Mercedes E-Class- 'This is prince that's not yet a king'
New car is a technology goldmine
I think we're in danger of getting carried away a bit with talk of driverless cars and autonomous driving. I prefer to DRIVE my car. Otherwise, I might as well get the bus or take a lift.
Don't get me wrong. I'm all for the attendant advances in technology - there are significant safety enhancements.
And, yes, I have been behind the wheel of cars that drove themselves for short periods (the systems insist you put your hands back on the wheel within 15 seconds). It's wonderful, extraordinary even, to see a car change lanes on its own at 100kmh just after you indicate. That was in the new Mercedes E-Class which can, incidentally, also park itself - my car on test here had Parking Pilot. I've no doubt it is all going to be an increasing part of our motoring future in some way or other. Certainly our cars are doing more for us - so much we don't even notice.
But you can never get away from how a well-engineered motor makes you feel or how good it is to drive, to sense/generate the energy, the propulsion. I hope these elements are not lost to us.
Mercedes have done lots of things on several fronts with their new E-Class; it is a technological gold mine in many respects. They certainly needed tangible advances if they hope to swing 'drivers' from the likes of the BMW 5-series, Audi A6 and Jaguar XF.
They have certainly made one of the finest cabins in this or any other mainstream car. It works on a number of levels: from the design and sweep of the dash, the way and the simplicity with which information is displayed across your lines of vision, the big strong seats, depth of comfort and decent roominess. Many passengers said the same thing: "This is a nice car." It is.
They have also installed a fine new engine under the bonnet. It's a 2-litre diesel from a new Merc 'family' that cost €2.6bn to develop and it makes a world of difference. The old 2.1-litre had become gruff and outdated. All of a sudden there is a reason to DRIVE (as opposed to be driven in) this: the new 4cyl was quick, had smooth uptake, more power (194bhp), better fuel consumption and lower emissions. Watch out for this engine in loads of other Mercs as the months and years slip by.
Cars in this category are usually conservatively styled and the E-Class largely follows suit. I think it looks dull enough in dark colours but these things are subjective so I wouldn't hold that against it. With AMG trim it looks much better. I wouldn't be a fan of the Saddle Brown Nappa leather in my test car either. Seriously strong colour. Old-fashioned, conservative me? Maybe.

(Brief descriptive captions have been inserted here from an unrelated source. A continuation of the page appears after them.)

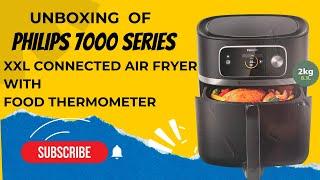 UNBOXING PHILIPS CONNECTED AIRFRYER 7000 SERIES XXL WITH FOOD THERMOMETER HD9880/90 || LIGAYA GRACE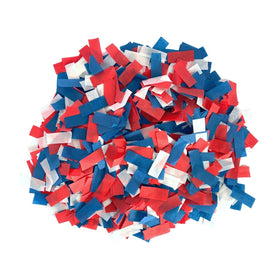 Confetti Sky wide burst over outdoor venue showcases vibrant, celebratory visuals.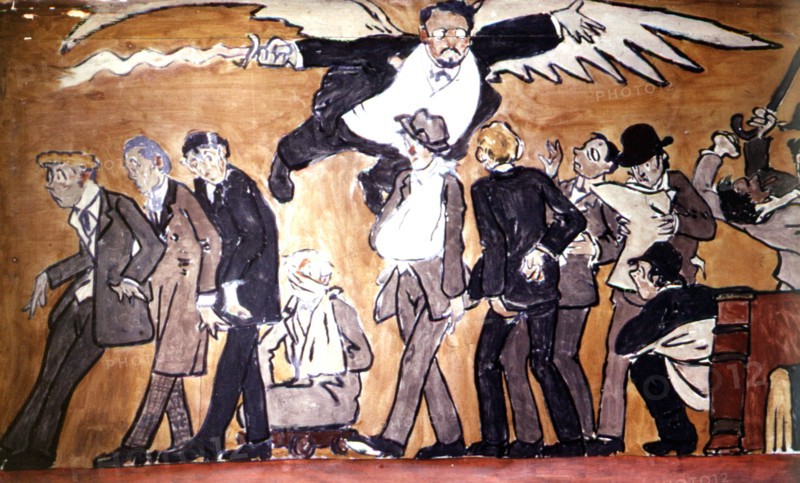Poncet, Fresque de l'Ecole normale supérieure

Far more important, however, is conservatism on price. To look at the accompanying Facts & Figures panel, the €60,000 cost appears far from moderate. To be fair, my test car had lots of extra bits and pieces. But at basic level, they claim standard spec on the new car is worth €7,000 over the old one and the starting price of €52,859 is €850 lower. That's all part of an unprecedented push to make the E-Class the big seller in its segment and Mercedes the world's number-one luxury car-maker by next year.
It is undoubtedly the best thing they've done to date at this level, forging engineering and technology to a degree few can match.
But while it is much better to drive than heretofore, BMW 5-series and Jaguar XF owners can breathe easily: this is not as good on handling and ride. That's because it is set up more for comfort than out-and-out dynamism. And it does that particularly well.
Among the many little items on board was a '64-colour ambient lighting' feature - lighting in and around the cockpit that I loved. My youngest daughter asked me to make it purple - in honour of the recently departed Prince. And that's how we travelled in it. Only afterwards did it strike me how apt the decision had been.
This is now a prince - not yet king - of a car in its own right. It's younger in itself, is innovative and well set for a real drive - human or autonomous - into the future.
Facts & figures
Mercedes E-Class 220d automatic (9G-Tronic) saloon, Avantgarde with AMG Line. 1,950cc, 194bhp, 3.9/4.3 litres/100km depending on model, 112g/km, €200 road tax.
Price for 220d Avantgarde from €52,850; AMG Line €57,650, options (full parking pack, keyless Go) help push test car price to €60,492.
Equipment included: Parking Pilot, AMG trim, 19ins alloys, Saddle brown Nappa Leather upholstery, reverse camera, 64 colour ambient lighting, larger fuel and AdBlue tanks, heated front seats, Bluetooth, Garmin navigation, Adaptive Brake Assist, several airbags.